The current list of pressed keys is maintained by the keyboard and is sent in every report. There's no concept as such of "pressed" or "released" - only the list of what is currently pressed. If a key is released it's just removed from that list of pressed keys.

So what you need is some way of transferring that data in such a way that the Arduino can interpret it properly.

Since the data is not high throughput you can afford to be quite wasteful in your protocol. I would suggest using a fairly verbose ASCII based protocol.

  • All the protocol data is using ASCII characters between 32 and 127 inclusive
  • This frees up control characters (<32) for controlling the protocol.

The simplest thing is to use a single control character (such as \n) to act as a line ending to break your data up into packets.
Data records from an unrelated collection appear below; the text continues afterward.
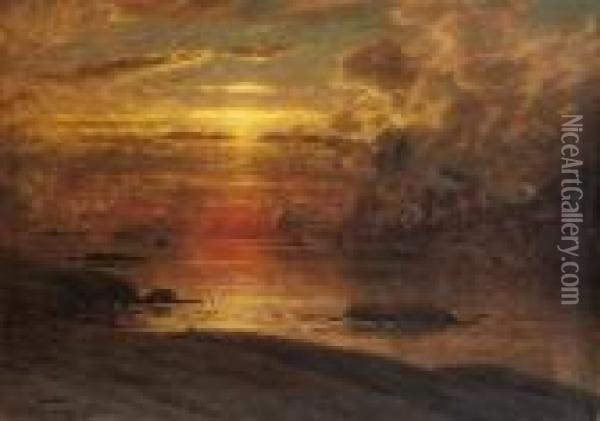 Fiskevaer I Lofoten Oil Painting - Adelsteen Normann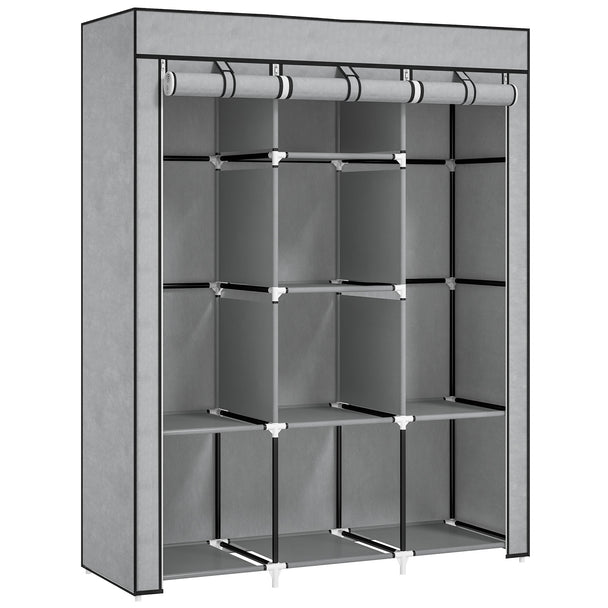 Light grey 125 cm fabric wardrobe with two hanging rails and eight shelves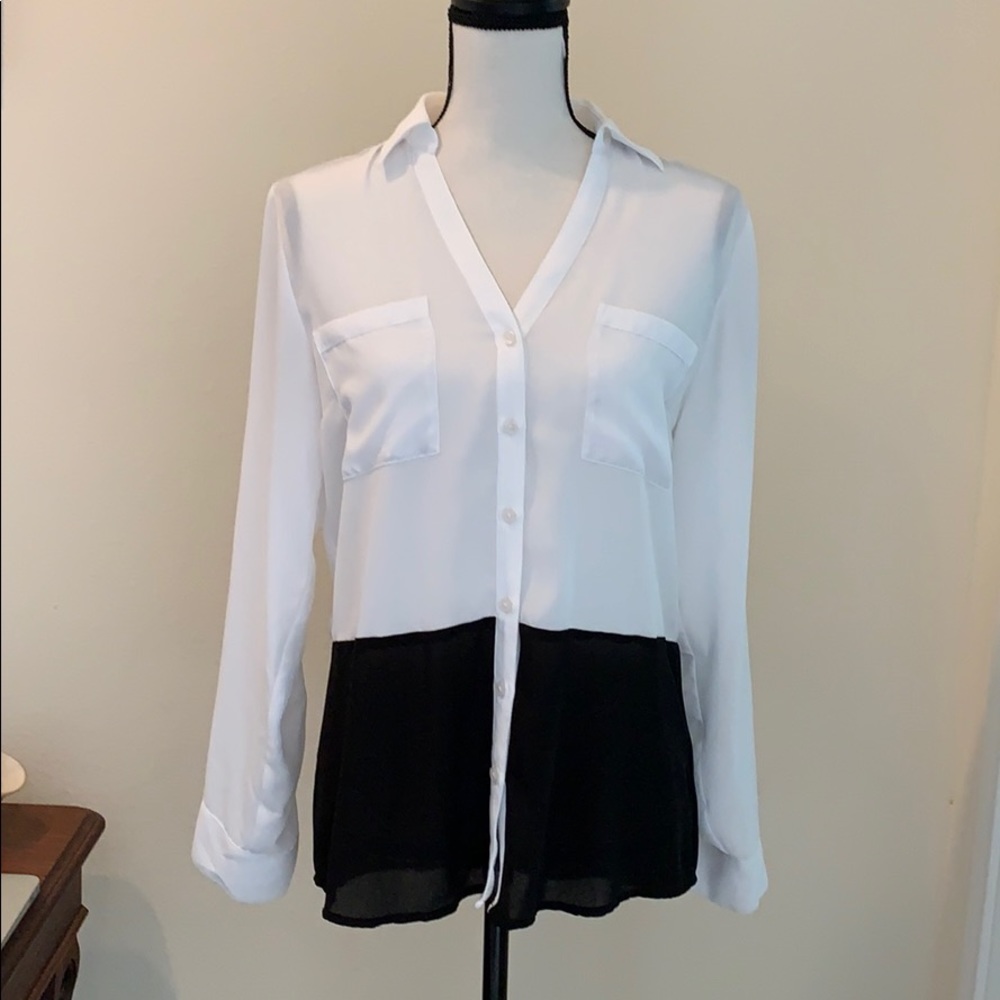 Black and white blouse from Express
Each packet can then contain a list of instructions.

For example, you might choose to have a protocol that looks like:

P,129\n
P,97\n
R,97\n
R,129\n

By treating each line as a complete entity you know that you want to Press key 129 (#define KEY_LEFT_SHIFT 0x81), press key 97 ('a'), release 97, then release 129.

There's no confusion, since commands are all a single upper-case character, and keys are all a decimal number.

For your application, though, a "raw" access interface would be of more use, since you don't really want the Arduino interpreting things for you. However, the API doesn't provide that kind of thing. So you just have to make the best of what you have and work around it.